* [WHAT IS BEING ASKED]: Your answer should hold exactly the lines from the one containing "Used 2023 GMC Acadia AT4 AWD/4WD image 32" through the end of the material, and no others.

* [GIVEN ENTRIES]:
== Segment start ==
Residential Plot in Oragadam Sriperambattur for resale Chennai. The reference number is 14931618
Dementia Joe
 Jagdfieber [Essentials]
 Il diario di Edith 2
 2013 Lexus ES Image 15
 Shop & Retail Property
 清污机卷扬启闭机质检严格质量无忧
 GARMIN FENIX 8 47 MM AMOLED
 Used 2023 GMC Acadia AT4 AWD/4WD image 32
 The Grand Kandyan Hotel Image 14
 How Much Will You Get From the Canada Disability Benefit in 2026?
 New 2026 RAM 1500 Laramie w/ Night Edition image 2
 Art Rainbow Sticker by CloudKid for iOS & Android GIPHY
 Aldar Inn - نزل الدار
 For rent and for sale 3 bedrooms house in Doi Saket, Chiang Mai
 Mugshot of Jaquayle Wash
== Segment end ==
* [RESULT]:
 Used 2023 GMC Acadia AT4 AWD/4WD image 32
 The Grand Kandyan Hotel Image 14
 How Much Will You Get From the Canada Disability Benefit in 2026?
 New 2026 RAM 1500 Laramie w/ Night Edition image 2
 Art Rainbow Sticker by CloudKid for iOS & Android GIPHY
 Aldar Inn - نزل الدار
 For rent and for sale 3 bedrooms house in Doi Saket, Chiang Mai
 Mugshot of Jaquayle Wash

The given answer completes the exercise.